Hermosísimo relato Pilar! Enhorabuena

Por Pilar el miércoles 20 septiembre 2017 a las 15:38:04  

Muchas gracias! Me hace muy feliz que te guste. Un abrazo enorme compañero.

Por Carmen Lorente Marín el miércoles 20 septiembre 2017 a las 20:35:39  

Me encanta Pilar!!!Me parecía estar el la clase de mi instituto a esa edad!Enhorabuena,espero poder seguir leyendo muchos más.Un abrazo enorme.

Por Pilar el jueves 21 septiembre 2017 a las 06:12:08  

Muchas gracias Carmen! Me alegra que te haya gustado. Aquí seguiremos contando historias. Un abrazo.

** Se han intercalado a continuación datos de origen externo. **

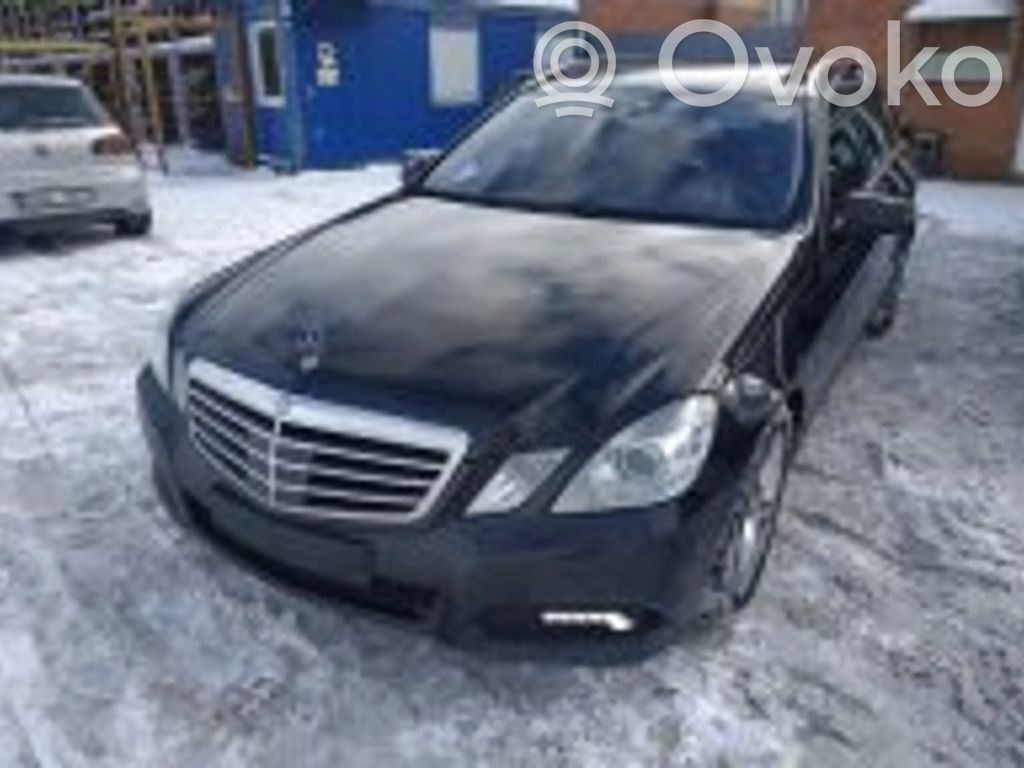 E W212 E-class, AMG (W124, W210, W211, W212, W213, C207, W238)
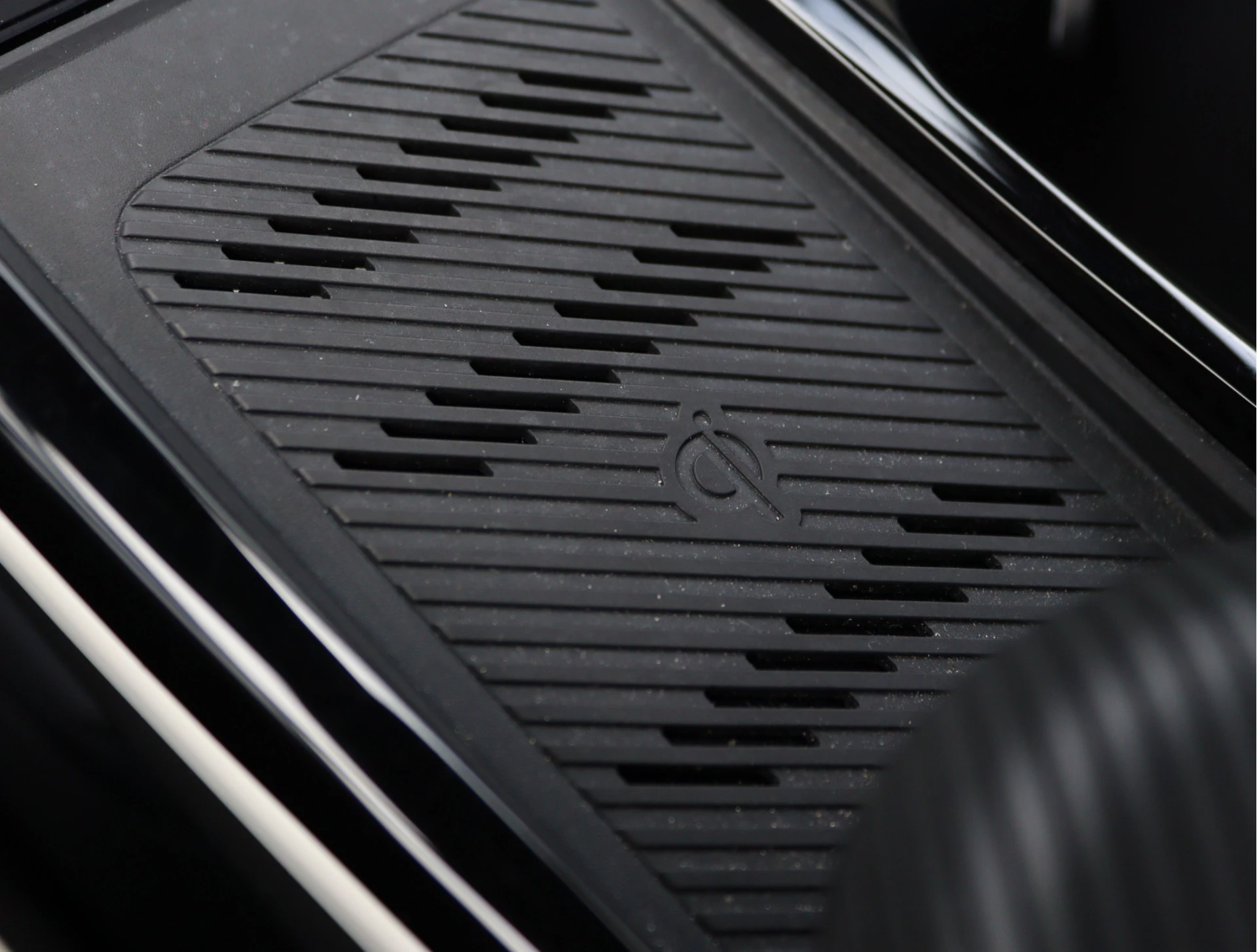 Hoofdafbeelding Kia EV6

Por Miguel Cruz el domingo 08 octubre 2017 a las 15:54:27  

Me ha encantado cómo el relato, con esa mezcla de ternura, dolor y un cierto distanciamiento irónico que permite el paso del tiempo, conduce al lector a un final en el que todo cobra sentido una vez que se unen los tres lados de ese triángulo rectángulo escaleno sobre el que pivota la narración. Estoy deseando leer el siguiente, Pilar.

Por Pilar el domingo 08 octubre 2017 a las 20:08:47  

Muchas gracias, Miguel! Por tus palabras, por seguir leyendo este blog y por el análisis. Un abrazo. Nos vemos aquí.

Por Manuela Burló Moreno el domingo 12 noviembre 2017 a las 20:41:02  

Una vez más. Una auténtica delicia de relato. Me quedo con «la mirada de Dios» a través del cartabón ahumado. Jaaaa

Por Pilar Matas Escobar el lunes 13 noviembre 2017 a las 10:54:52  

Muchas gracias, Manuela. Seguiremos atentos a las miradas que nos arropan.